The Sonos Arc is a high-end soundbar from 2020. It’s technically sold as a standalone soundbar, but you can easily buy the Sonos subwoofer and the One SL speakers to make it a full 5.1.2 setup. It comes after the releases of the Sonos Playbar and the Sonos Beam, but its main competitors are the Samsung HW-Q90R and the LG SN11RG.
The Sonos Arc looks sleek. It’s entirely made of plastic but is a lot longer than the Sonos Beam. It feels high-end and sturdy. You can purchase it in 'Black' or 'White' color variants.
The Sonos Arc's subwoofer has a unique design with a glossy finish and two subs facing each other in the center hole.
The Sonos Arc satellites are two Sonos One SL speakers. They have a metal grille protecting the speakers and feature touch-sensitive controls on their top side.

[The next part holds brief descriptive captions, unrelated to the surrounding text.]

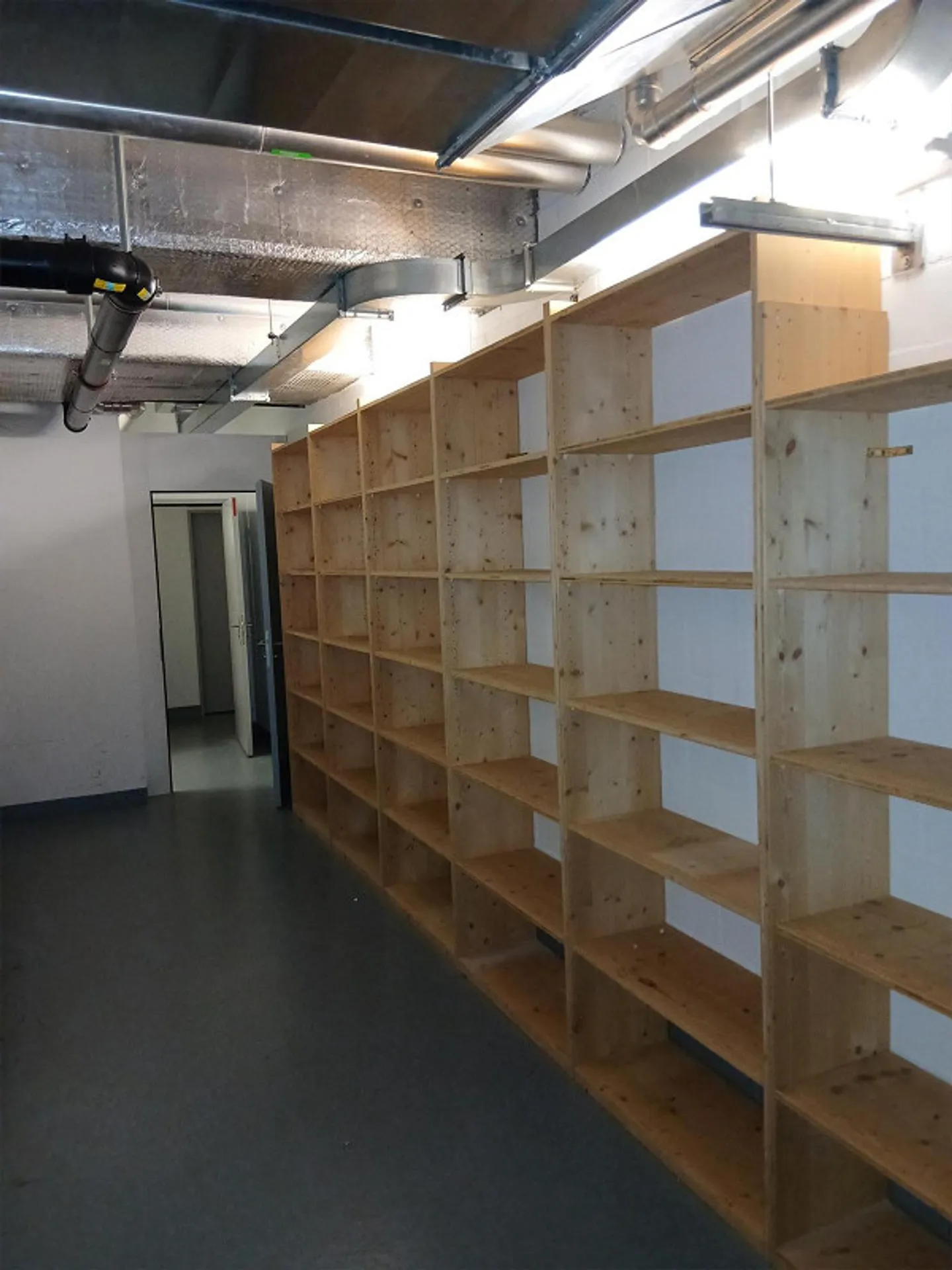 Storage room in the Huob development - Photo 5 of 5
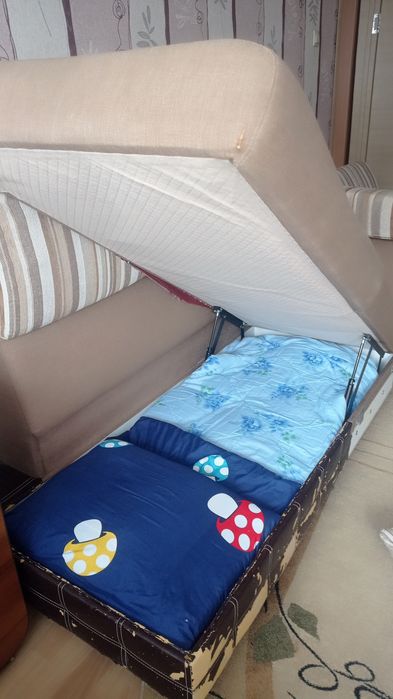 Продам угловой диван б/у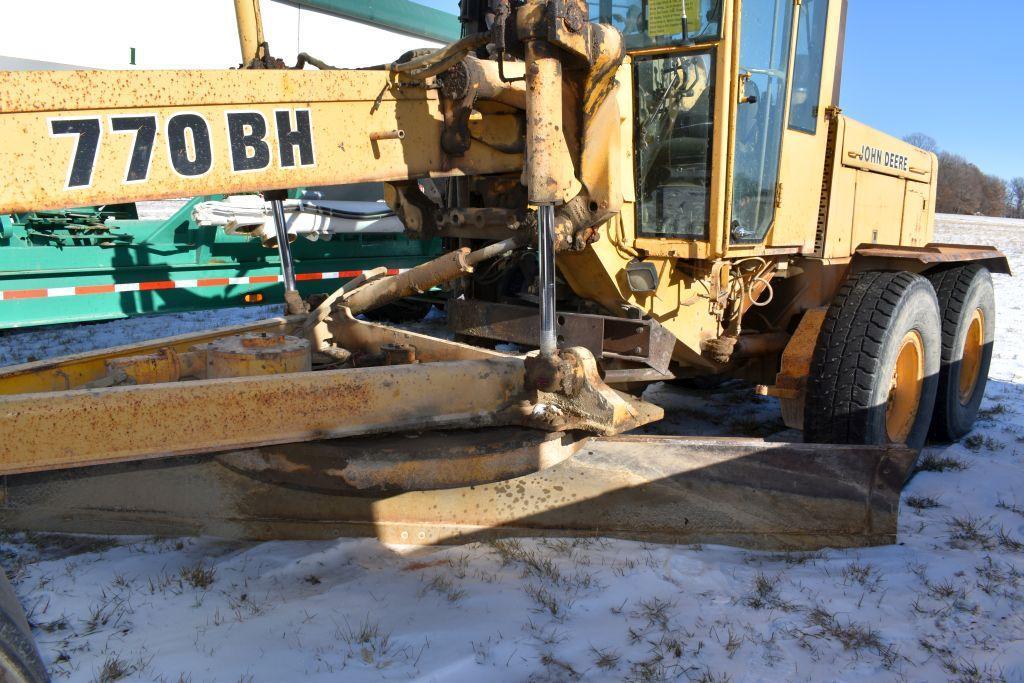 John Deere 770-BH Articulated Motor Grader,14'Mol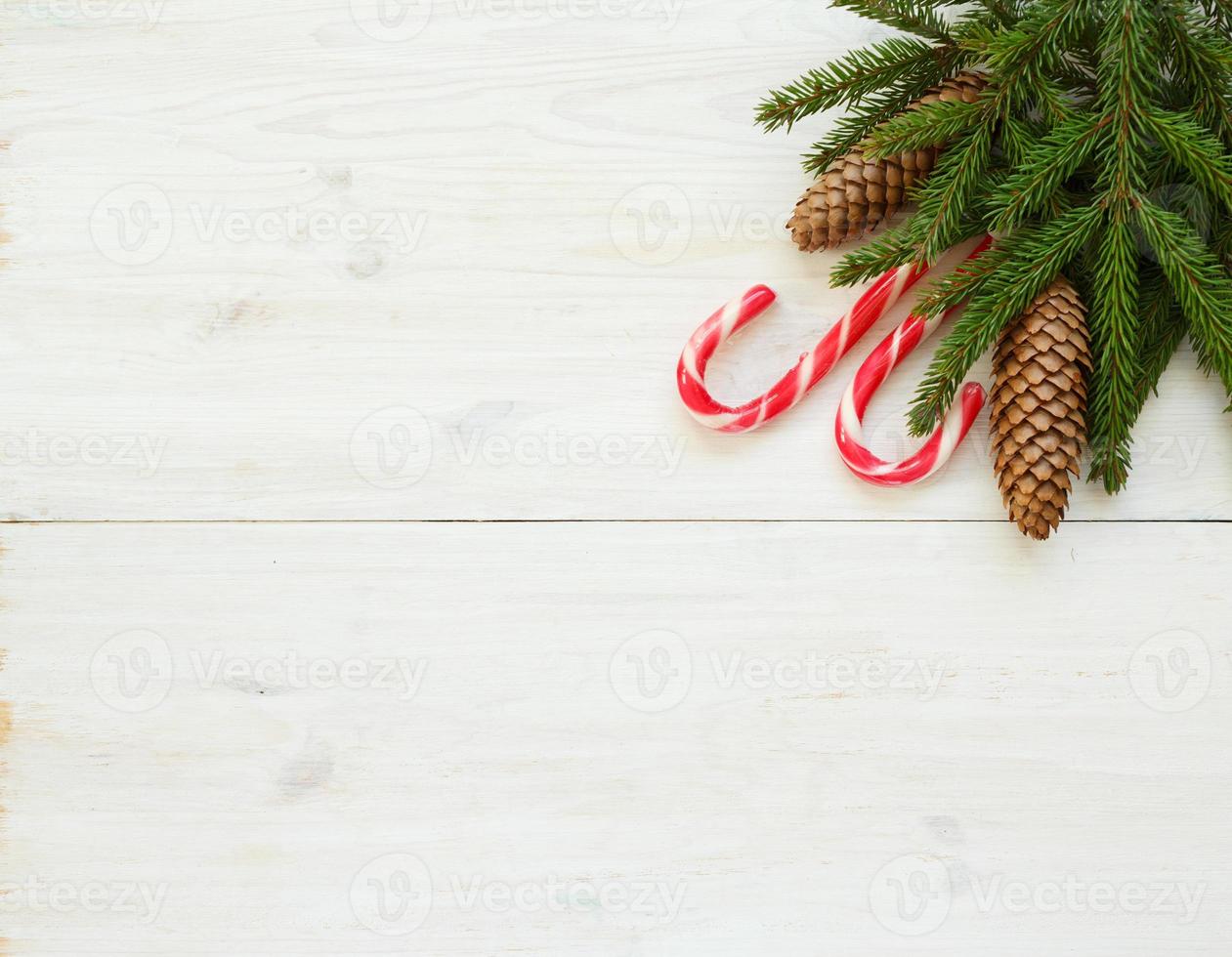 Natal fronteira com abeto árvore galhos com cones e doce bengala em branco de madeira Pranchas foto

They seem very well-built and are quite heavy, which gives them a premium feel.
The Sonos Arc is a rather large bar and doesn’t fit between the legs of most 55 inch TVs. On the upside, it’s not too tall and won’t block the bottom of your screen.
The subwoofer isn’t much larger than a typical desktop, so you shouldn’t have any issues placing it anywhere in your room since it connects wirelessly to the bar.
The Sonos One SL speakers aren’t too big. They can only be placed in a vertical position and need to be plugged into a power outlet but don’t require any wired connection to the rest of the setup.
The Sonos Arc has a single hole in the back for its power cord and access to its inputs. You can also find the wall-mounting holes on the backside, but you need to purchase proprietary brackets as they aren’t included in the box.
The back of the subwoofer is very plain. You only have access to the pairing button and the status light. The ports are in the middle of the sub.
You can find the pairing button and an ethernet port on the back of each satellite speaker. You also need proprietary mounting brackets for them.
The build quality of the full Sonos Arc setup is excellent. While the bar is entirely made of solid plastic, the subwoofer and satellites add even more to its premium feel, thanks to their metal construction. It feels as sturdy as the Bose Soundbar 700.
The Sonos Arc full setup has a very good stereo frequency response. Out-of-the-box and with its room correction feature on, this soundbar has a balanced mid-range that can reproduce vocals and lead instruments clearly, though higher frequencies may sound a bit bright. While it has an extended bass, it still has some trouble reproducing the deep thump and punch found in bass-heavy music genres or action-packed movies. It also comes with several sound enhancement features, including bass and treble adjustments, to help you customize its sound to your liking. However, their room correction feature is only available on iOS.
With calibration and its room correction feature turned on, the Sonos Arc full setup has an excellent stereo frequency response. Using the suggested bass and treble adjustments, this soundbar has a very neutral sound profile that's suitable for listening to lots of different audio content. It can reproduce a warm, thumpy bass without overwhelming vocals and lead instruments.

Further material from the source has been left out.